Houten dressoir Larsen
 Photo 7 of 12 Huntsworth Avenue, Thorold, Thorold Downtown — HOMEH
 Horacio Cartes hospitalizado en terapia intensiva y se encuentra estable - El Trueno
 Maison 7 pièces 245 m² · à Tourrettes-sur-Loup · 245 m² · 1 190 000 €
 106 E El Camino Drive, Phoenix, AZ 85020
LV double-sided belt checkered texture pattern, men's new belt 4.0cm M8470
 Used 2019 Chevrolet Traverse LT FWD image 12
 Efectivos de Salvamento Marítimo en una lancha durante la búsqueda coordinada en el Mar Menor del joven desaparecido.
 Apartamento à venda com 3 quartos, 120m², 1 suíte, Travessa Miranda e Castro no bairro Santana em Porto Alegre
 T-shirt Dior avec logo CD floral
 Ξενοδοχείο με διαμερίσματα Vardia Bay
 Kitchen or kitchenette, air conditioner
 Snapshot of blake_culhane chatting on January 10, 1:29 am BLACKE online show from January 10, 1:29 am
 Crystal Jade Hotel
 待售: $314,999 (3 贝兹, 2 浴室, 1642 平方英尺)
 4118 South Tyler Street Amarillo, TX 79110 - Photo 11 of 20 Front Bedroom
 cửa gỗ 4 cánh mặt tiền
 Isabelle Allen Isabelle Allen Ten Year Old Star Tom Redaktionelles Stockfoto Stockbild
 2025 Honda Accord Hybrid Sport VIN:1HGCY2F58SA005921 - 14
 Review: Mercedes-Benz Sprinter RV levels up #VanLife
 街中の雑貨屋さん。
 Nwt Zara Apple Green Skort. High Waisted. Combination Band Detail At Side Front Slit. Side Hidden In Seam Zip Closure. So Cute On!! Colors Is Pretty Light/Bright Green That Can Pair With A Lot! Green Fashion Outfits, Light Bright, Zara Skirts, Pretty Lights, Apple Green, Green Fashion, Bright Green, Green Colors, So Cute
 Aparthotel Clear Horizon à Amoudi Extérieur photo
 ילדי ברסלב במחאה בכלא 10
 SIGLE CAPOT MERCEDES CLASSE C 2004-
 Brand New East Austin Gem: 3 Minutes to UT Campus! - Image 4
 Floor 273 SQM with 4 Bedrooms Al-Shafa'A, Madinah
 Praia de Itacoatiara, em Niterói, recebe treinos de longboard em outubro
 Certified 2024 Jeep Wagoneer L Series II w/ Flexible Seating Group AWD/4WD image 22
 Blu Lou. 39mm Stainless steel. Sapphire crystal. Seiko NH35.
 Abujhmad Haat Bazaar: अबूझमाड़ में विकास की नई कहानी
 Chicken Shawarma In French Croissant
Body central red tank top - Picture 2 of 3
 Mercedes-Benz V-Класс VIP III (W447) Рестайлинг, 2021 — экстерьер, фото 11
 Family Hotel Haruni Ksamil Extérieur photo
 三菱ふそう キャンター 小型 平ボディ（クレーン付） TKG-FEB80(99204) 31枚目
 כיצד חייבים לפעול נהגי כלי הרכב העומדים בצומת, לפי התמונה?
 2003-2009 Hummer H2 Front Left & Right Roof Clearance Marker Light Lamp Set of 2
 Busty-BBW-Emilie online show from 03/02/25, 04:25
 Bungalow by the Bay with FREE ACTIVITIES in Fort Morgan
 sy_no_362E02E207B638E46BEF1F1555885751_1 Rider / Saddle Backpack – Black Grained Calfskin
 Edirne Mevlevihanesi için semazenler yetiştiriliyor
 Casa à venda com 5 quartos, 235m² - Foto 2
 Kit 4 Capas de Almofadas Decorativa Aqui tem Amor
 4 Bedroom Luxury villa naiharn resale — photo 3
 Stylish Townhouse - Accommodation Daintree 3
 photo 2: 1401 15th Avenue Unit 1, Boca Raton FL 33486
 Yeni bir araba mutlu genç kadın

_____

Starting with the line with "LV double-sided belt" above and going on through the line with "cửa gỗ 4 cánh mặt tiền", transcribe every line exactly, both ends included, and add nothing.

LV double-sided belt checkered texture pattern, men's new belt 4.0cm M8470
 Used 2019 Chevrolet Traverse LT FWD image 12
 Efectivos de Salvamento Marítimo en una lancha durante la búsqueda coordinada en el Mar Menor del joven desaparecido.
 Apartamento à venda com 3 quartos, 120m², 1 suíte, Travessa Miranda e Castro no bairro Santana em Porto Alegre
 T-shirt Dior avec logo CD floral
 Ξενοδοχείο με διαμερίσματα Vardia Bay
 Kitchen or kitchenette, air conditioner
 Snapshot of blake_culhane chatting on January 10, 1:29 am BLACKE online show from January 10, 1:29 am
 Crystal Jade Hotel
 待售: $314,999 (3 贝兹, 2 浴室, 1642 平方英尺)
 4118 South Tyler Street Amarillo, TX 79110 - Photo 11 of 20 Front Bedroom
 cửa gỗ 4 cánh mặt tiền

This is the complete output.